### PROVIDED RECORDS
————————

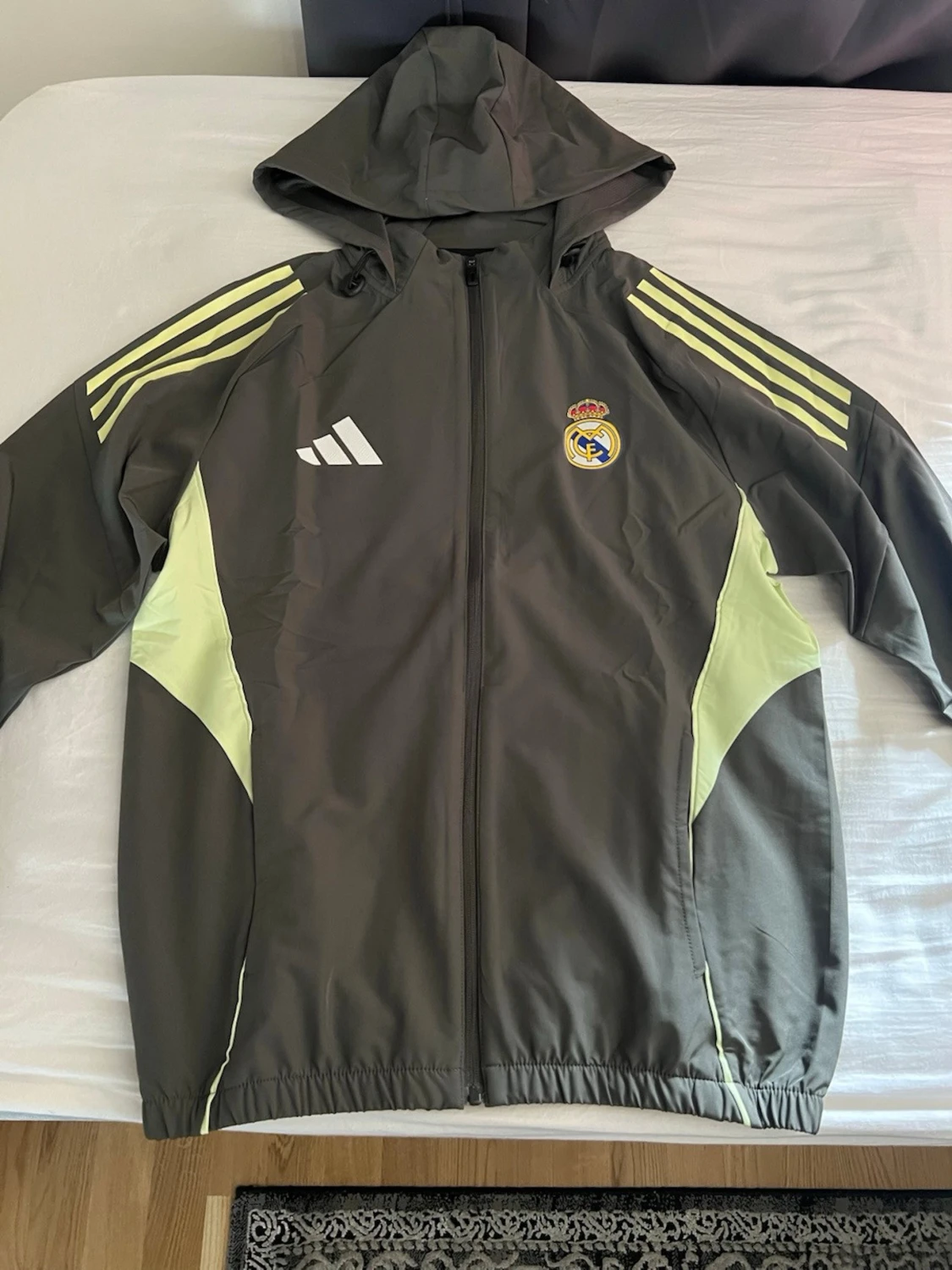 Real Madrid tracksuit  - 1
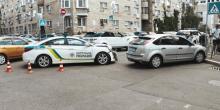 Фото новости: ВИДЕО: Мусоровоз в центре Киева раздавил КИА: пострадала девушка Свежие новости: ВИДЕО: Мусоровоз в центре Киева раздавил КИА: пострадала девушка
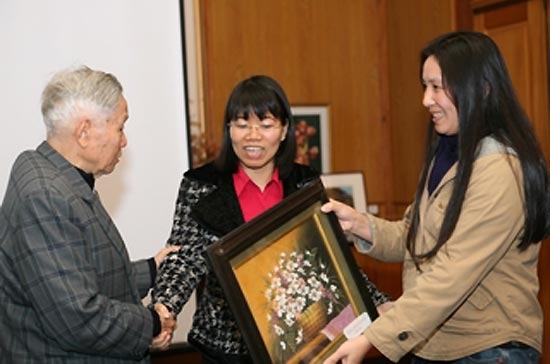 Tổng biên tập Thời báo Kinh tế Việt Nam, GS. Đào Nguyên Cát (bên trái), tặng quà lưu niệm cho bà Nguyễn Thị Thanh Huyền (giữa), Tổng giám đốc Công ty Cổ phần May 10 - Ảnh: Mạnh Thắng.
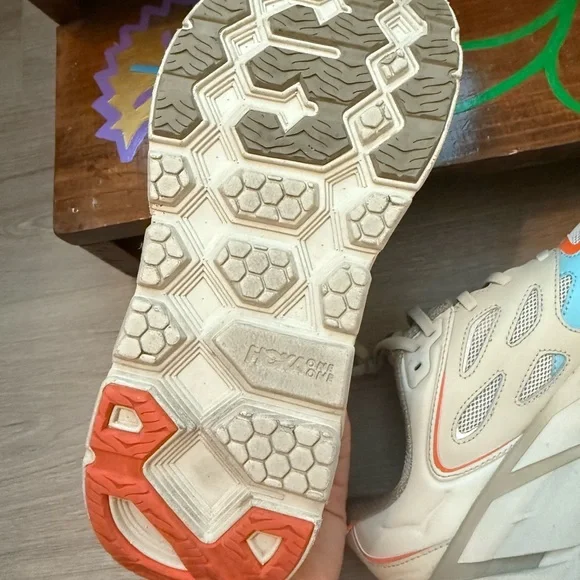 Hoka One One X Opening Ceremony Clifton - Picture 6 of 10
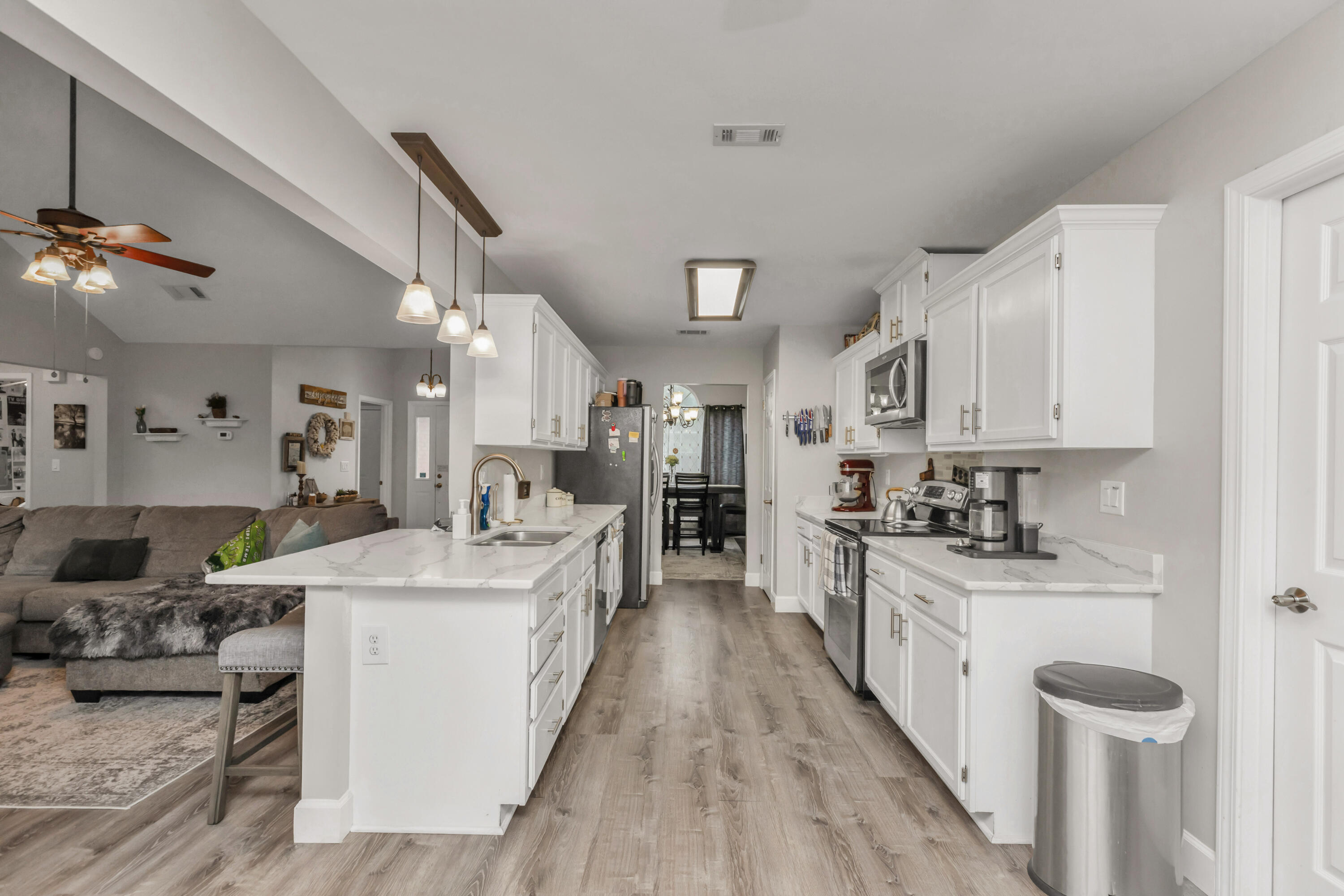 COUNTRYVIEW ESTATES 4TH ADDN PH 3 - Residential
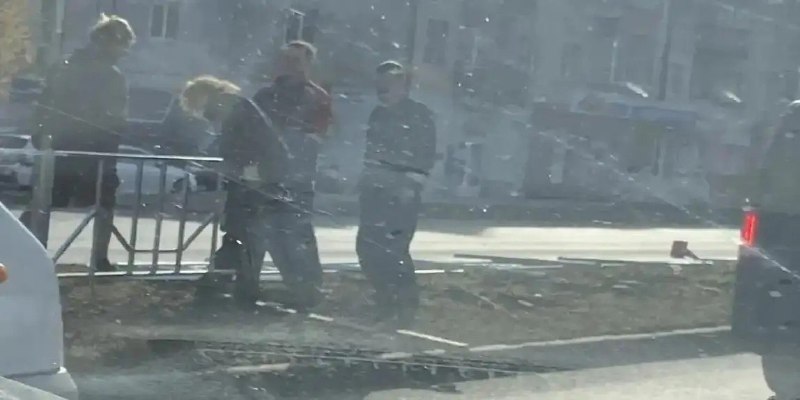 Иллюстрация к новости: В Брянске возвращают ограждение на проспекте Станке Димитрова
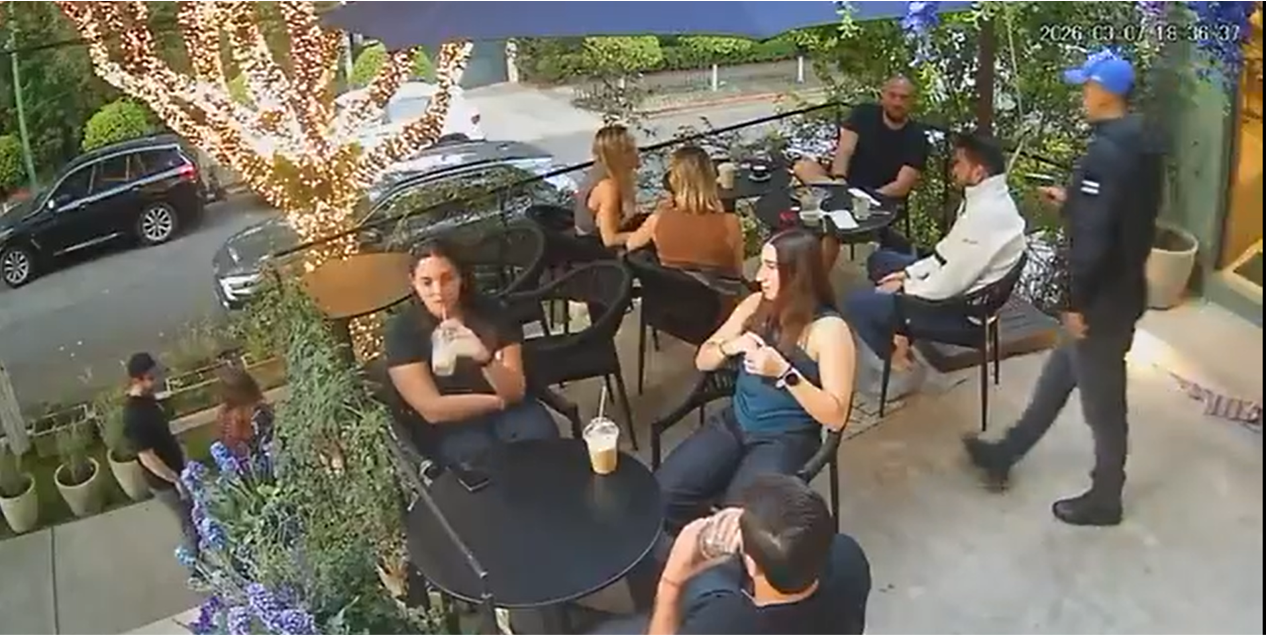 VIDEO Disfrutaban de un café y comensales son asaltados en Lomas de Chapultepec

————————

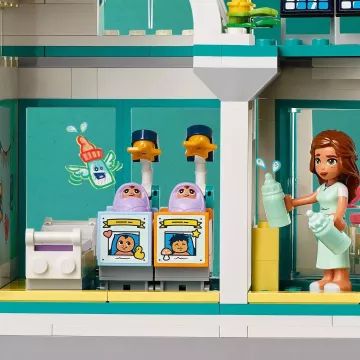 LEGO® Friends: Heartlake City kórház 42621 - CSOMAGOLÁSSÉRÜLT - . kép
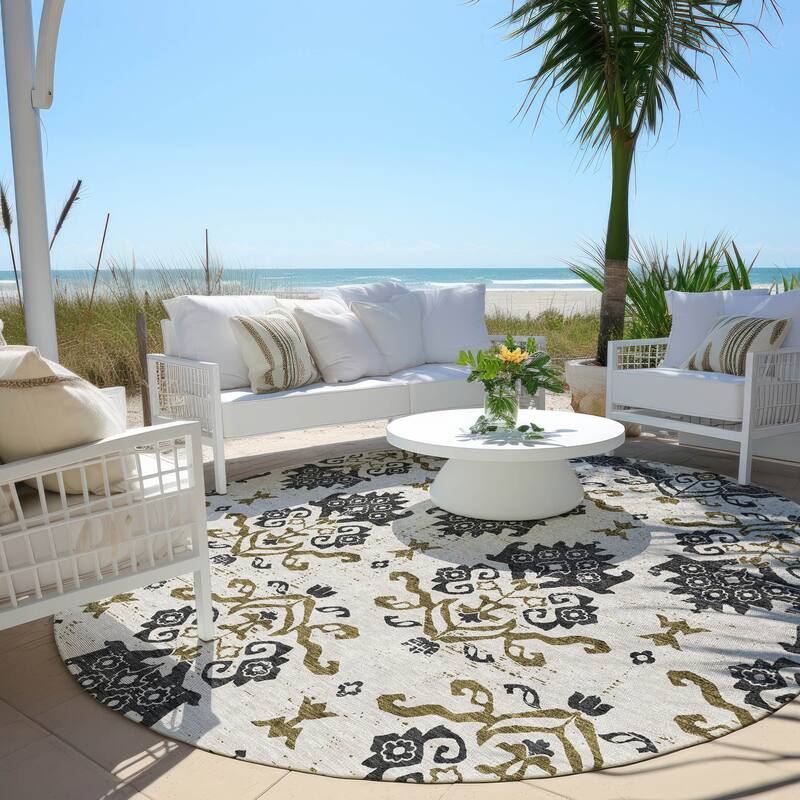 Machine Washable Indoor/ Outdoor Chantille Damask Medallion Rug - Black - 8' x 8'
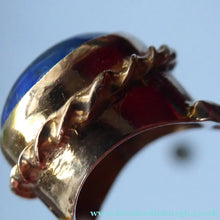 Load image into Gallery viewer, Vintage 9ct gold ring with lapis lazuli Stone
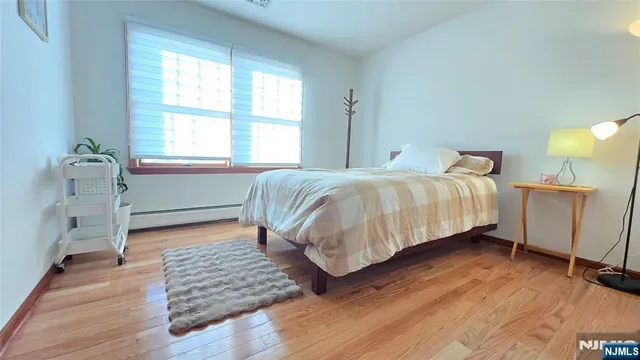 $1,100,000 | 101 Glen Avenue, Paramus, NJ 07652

————————

### WHAT TO DO
Everything above from the line containing "Real Madrid tracksuit" down to the line containing "COUNTRYVIEW ESTATES 4TH" is to be duplicated exactly, both lines included, and the pictures are to be omitted.

### SOLUTION TO THE EXERCISE
 Real Madrid tracksuit  - 1
 Фото новости: ВИДЕО: Мусоровоз в центре Киева раздавил КИА: пострадала девушка Свежие новости: ВИДЕО: Мусоровоз в центре Киева раздавил КИА: пострадала девушка
 Tổng biên tập Thời báo Kinh tế Việt Nam, GS. Đào Nguyên Cát (bên trái), tặng quà lưu niệm cho bà Nguyễn Thị Thanh Huyền (giữa), Tổng giám đốc Công ty Cổ phần May 10 - Ảnh: Mạnh Thắng.
 Hoka One One X Opening Ceremony Clifton - Picture 6 of 10
 COUNTRYVIEW ESTATES 4TH ADDN PH 3 - Residential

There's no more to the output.